--- START ---
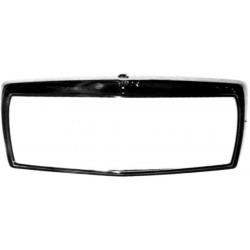  cadre de Grille DB W124. 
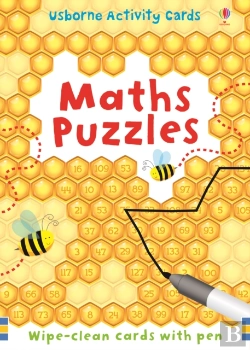 Bertrand.pt - Maths Puzzles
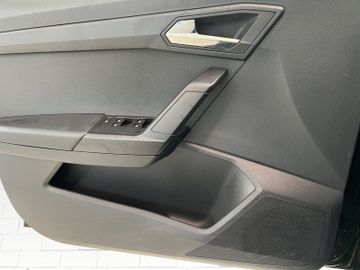 Bild 10 Seat Ibiza 1.0 TSI Style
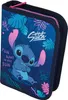 DISNEY STITCH Federmäppchen ohne Zubehör Produktbild-Vorschau 2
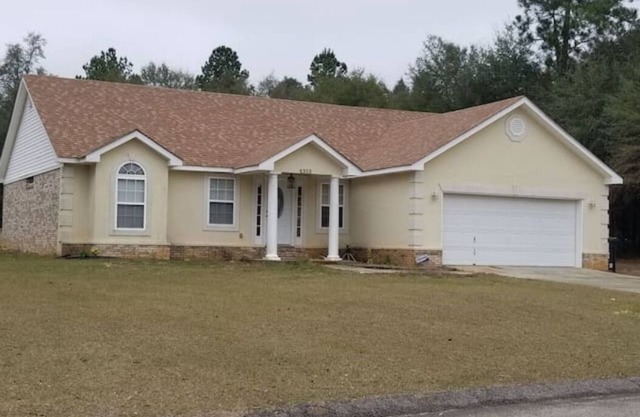 New Cozy Home Located minutes From the Masters!!!!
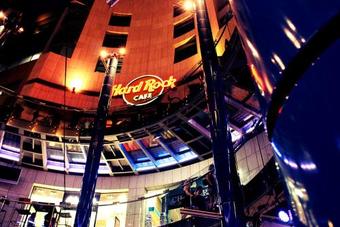 Modern Apartments In The Heart Of St Julian's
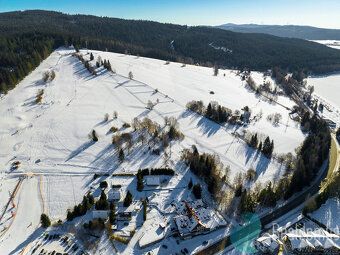 Ve výhradním zastoupení majitele přinášíme výjimečnou nabídk
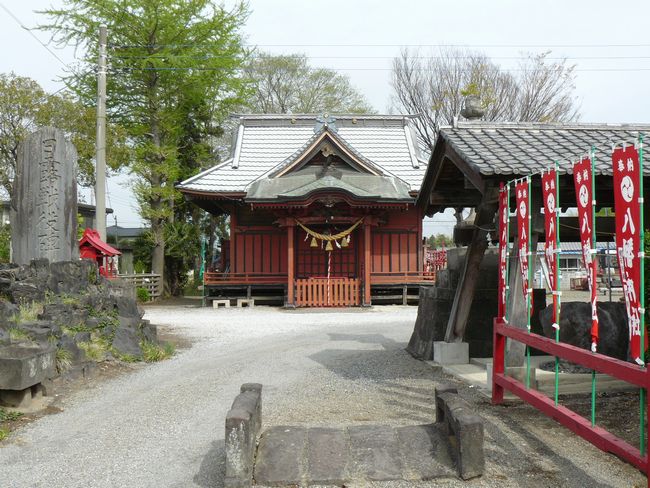 �����ᕼ�g�X���F�ďh-�����_��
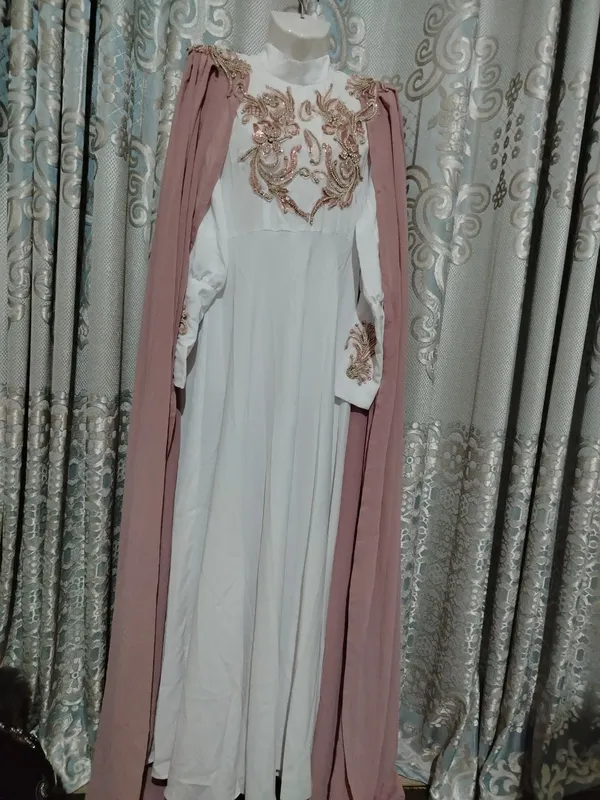 assalomu aleykum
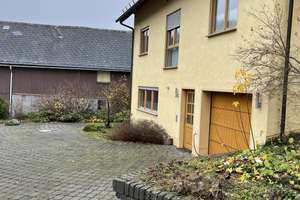 Property thumbnail 32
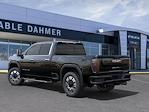 2025 GMC Sierra 2500 Crew Cab 4WD Pickup for sale #B15554 - photo 3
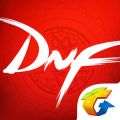 DNFappv1.0.0׿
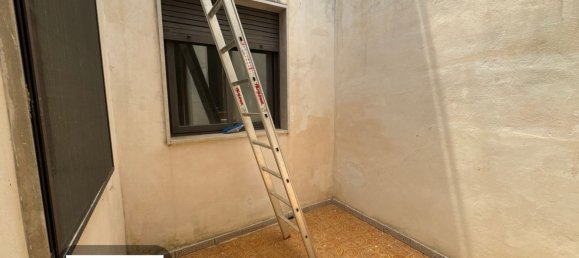 Casa de 5 habitaciónes en Canicattini Bagni, Italy No. 146232 25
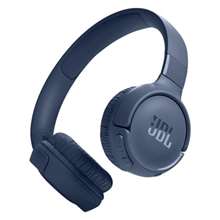 JBL Tune 520BT (Plava)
--- END ---
What the exercise asks
Return the data exactly as it stands, minus the pictures.

Solution below
  cadre de Grille DB W124. 
 Bertrand.pt - Maths Puzzles
 Bild 10 Seat Ibiza 1.0 TSI Style
 DISNEY STITCH Federmäppchen ohne Zubehör Produktbild-Vorschau 2
 New Cozy Home Located minutes From the Masters!!!!
 Modern Apartments In The Heart Of St Julian's
 Ve výhradním zastoupení majitele přinášíme výjimečnou nabídk
 �����ᕼ�g�X���F�ďh-�����_��
 assalomu aleykum
 Property thumbnail 32
 2025 GMC Sierra 2500 Crew Cab 4WD Pickup for sale #B15554 - photo 3
 DNFappv1.0.0׿
 Casa de 5 habitaciónes en Canicattini Bagni, Italy No. 146232 25
 JBL Tune 520BT (Plava)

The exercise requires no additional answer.